Kiedy pojęcie „selfie” zaczynało swoją karierę, nikt nie spodziewał się, że stanie się nawet słowem roku. Fotki z wyciągniętej ręki stały się tak popularne, że producenci smartfonów zaczęli dbać o frontową kamerkę, by ich produkty mogły sprostać nowym potrzebom. Selfiaki wyznaczają trendy nie tylko w segmencie telefonów, ale i wielu innych kamerek. Nie raz już prezentowałem na blogu wizje dronów, których celem było pstrykanie zdjęć z perspektywy selfie. Czy kiedyś osobisty fotograf będzie za nami podążał jak za paparazzi za celebrytami?

roam-e

ROAM-e ma być dronem, którego najważniejszym celem będzie focenie właściciela z powietrza. Selfie ma wejść na nowy poziom, choć trudno wyobrazić sobie przyszłość z tłokiem droników, które biją się o przestrzeń, by pstryknąć swojemu właścicielowi zdjęcie z najlepszego ujęcia. Na razie plany zakładają ograniczenie wszelkich kijaszków i wygodę dzięki w miarę niewielkiemu copterkowi. Segment selfie jest jeszcze świeży, więc i eksperymentów sporo. Latające gadżety do pstrykania fotek próbują swoich sił od lat. Wśród nich jest sporo odmian sferycznych.
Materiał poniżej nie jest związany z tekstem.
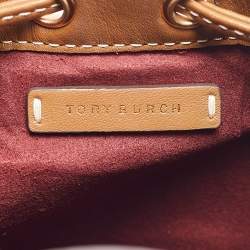 Pre Owned Tory Burch Brown/Beige Canvas and Leather Mini T Monogram Bucket Bag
Projekt ROAM-e też uwzględnia ujęcie kadru w formacie sferycznym. Obiektyw umieszczony jest u spodu, gdzie bezproblemowo wykona zdjęcia z lotu ptaka. Podwójne śmigiełko ma wystarczyć do udźwignięcia mechanizmu, a składany format umożliwiać łatwe przenoszenie sprzętu. Gabaryty nie są bardzo mobilne i nie drona nie schowamy do kieszeni, ale złożony zmieści się w torebce lub plecaku – gotowy do użycia w najlepszych momentach do focenia.

roam-e selfie

Idea modelu jest bardzo prosta. Konstrukcja zresztą też. Technologie już znane. Producent chce zapewnić tryb Follow Me, czyli podążania za obiektem. Zdjęcia mają być wykonywane w odległościach 3-25 metrów. W użytku będą pewnie te bliższe odległości, bo selfie to selfie – chcemy mieć wyraźne uchwycenie twarzy. Do tego ma posłużyć oprogramowanie do rozpoznawania twarzy, więc zdjęcia mają uwzględniać głównie nas, a nie przypadkowych osób. Większe odległości to z kolei opcja do robienia niemal perfekcyjnych panoram 360. Selfie z krajobrazem – może być efektownie. Na razie nie wspomniano nic o aplikacji, ale podejrzewam, że w tym przypadku to konieczność.

Dron ma ograniczone zadania, więc nie może być zbyt drogi. 349$ to w miarę rozsądny cennik.